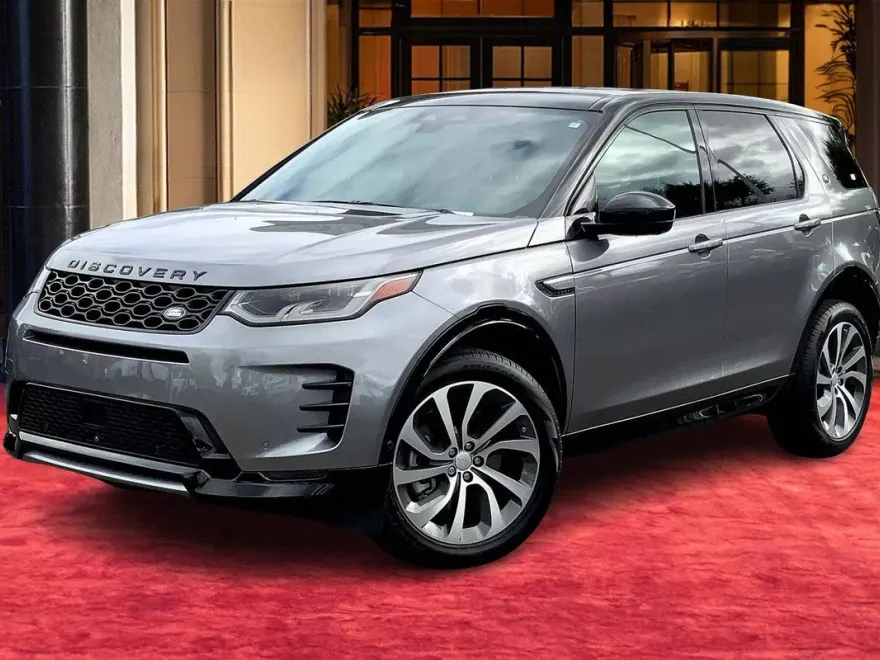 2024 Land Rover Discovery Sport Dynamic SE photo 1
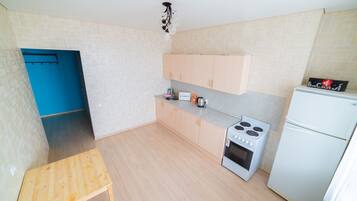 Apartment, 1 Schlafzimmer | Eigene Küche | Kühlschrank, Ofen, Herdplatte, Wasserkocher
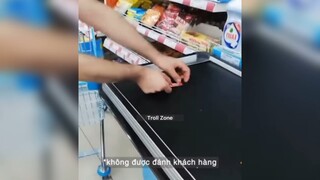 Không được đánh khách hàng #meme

——————————

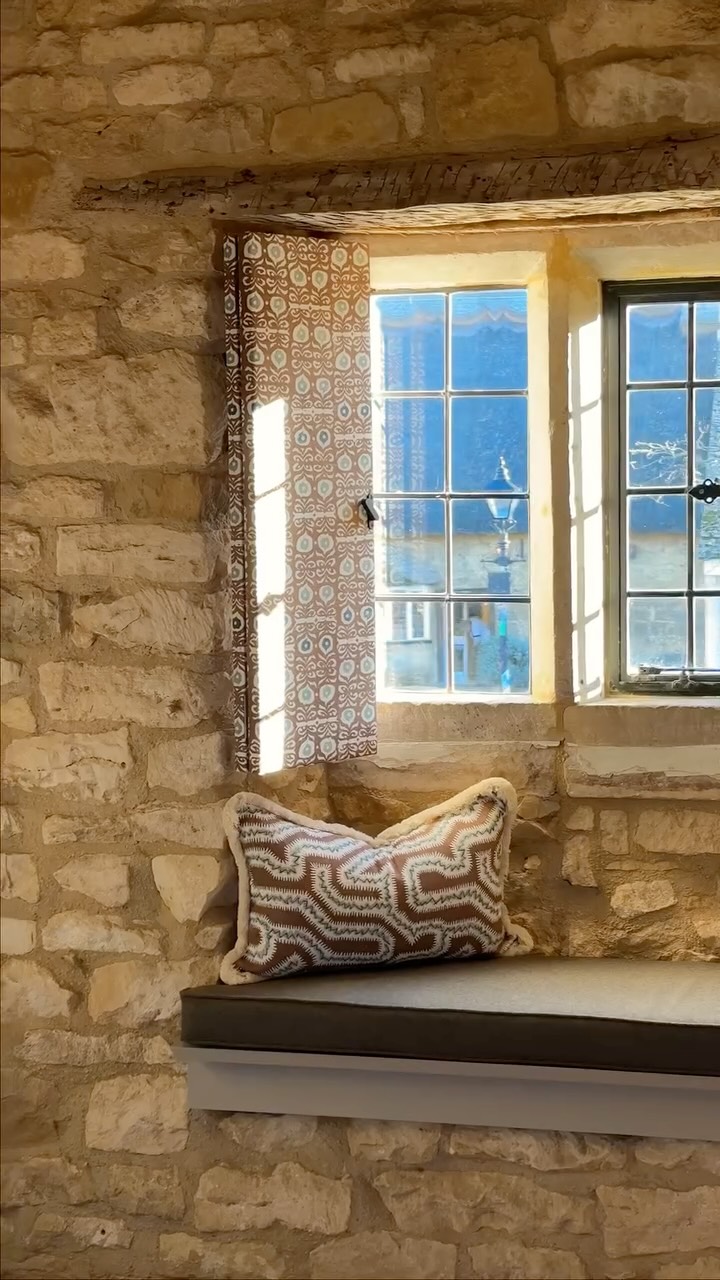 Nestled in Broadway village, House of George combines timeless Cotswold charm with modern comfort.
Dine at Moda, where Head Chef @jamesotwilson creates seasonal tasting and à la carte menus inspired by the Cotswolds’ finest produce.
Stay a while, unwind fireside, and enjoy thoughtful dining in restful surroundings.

——————————

**WHAT TO PRODUCE:**
Exactly reproduce the lines above, starting at the one that contains "2024 Land Rover" and ending at the one that contains "Không được đánh khách hàng #meme", both inclusive; leave the pictures out and add no other lines.

**WRITTEN ANSWER:**
 2024 Land Rover Discovery Sport Dynamic SE photo 1
 Apartment, 1 Schlafzimmer | Eigene Küche | Kühlschrank, Ofen, Herdplatte, Wasserkocher
 Không được đánh khách hàng #meme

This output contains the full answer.